Gene sat down on their father's chair, covered his ears, and began to cry.

“Quit yelling,” she said to Manny. “See what you've done?” She bent to comfort Gene.

“Who gives a shit?” Manny shouted.

“Shh. You'll wake Rich.”

“He might as well be up,” Manny said.

“It's okay, Gene,” Laura said, stroking his head.

“No, it's not!” Manny shouted again. “It's
not
okay.”

“Will you just shut up?” she said.

“You fucking shut up!” Manny lurched toward her, his face red and knotted. She put her arm up as if to ward off his blow, but he stopped himself. Still, he hovered over the chair.

Gene yelled, through his tears, “Stop it, stop it, stop it!” The intensity of his voice startled both of them.

Rich screamed shrilly, an animal cry, then called, “Momma!”

Laura shook her head and grimaced at Manny. “What is the matter with you? It's not
our
fault.”

“Laura!” Rich called again.

“Rich, I'm right here,” she said. She went into the bedroom and made him lie back down. “I'll check on you in a minute.”

“Don't leave!” he cried.

“I'm just in the living room.”

“Stay with me,” he whimpered.

She lay down on the bed next to him and rubbed his back again. She
thought he was asleep several times, but whenever she moved, he woke, clutching her.

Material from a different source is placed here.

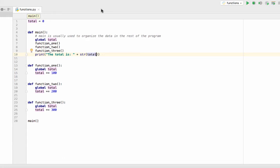So global variables are used instead of passing variables when you want to point at one place in memory and make changes to it from any other function.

“I'm right here,” she said.

She remained as still as possible and closed her eyes and tried not to think. Gene and Manny spoke in hushed whispers in the living room, and then they opened the front door and went outside. Their father wasn't home, though. She hadn't heard his truck. She relaxed for a second, nodded off, and then woke, startled, afraid that she'd slept too long. She looked at the clock. Only twenty minutes had passed, but she felt groggy, disoriented. Rich was deeply asleep now.

She grabbed her sweater and slipped on her shoes and went outside, where Gene and Manny sat on the ground in the debris of the halved oak. She turned on the porch light, left the front door open in case Rich woke again, and then sat down with them.

“I'm sorry,” Manny said.

“It's okay. Let's go on to bed. He'll be back soon, and we'll wake up then.”

“You two go on,” Manny stated. “I'll wait here.”